▶ Work to be completed
What you return should be the full listing, word for word, without a single image.

___ Information provided

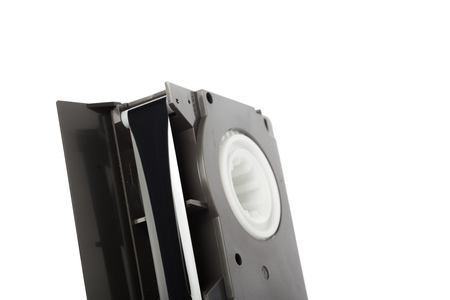 video cassette
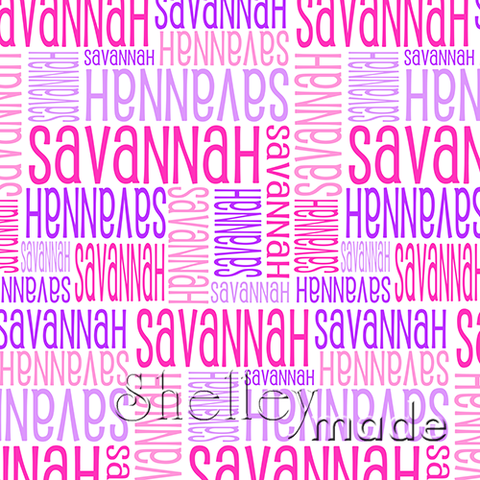 Savannah - Nested Design - Standard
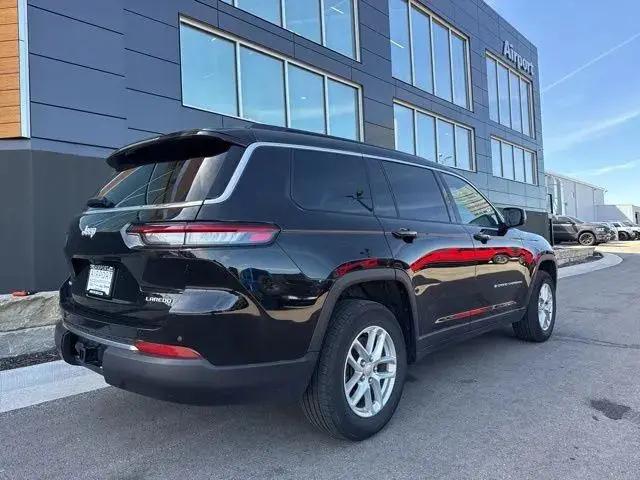 2025 Jeep Grand Cherokee L Laredo 4x4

______

▶ Solved problem
 video cassette
 Savannah - Nested Design - Standard
 2025 Jeep Grand Cherokee L Laredo 4x4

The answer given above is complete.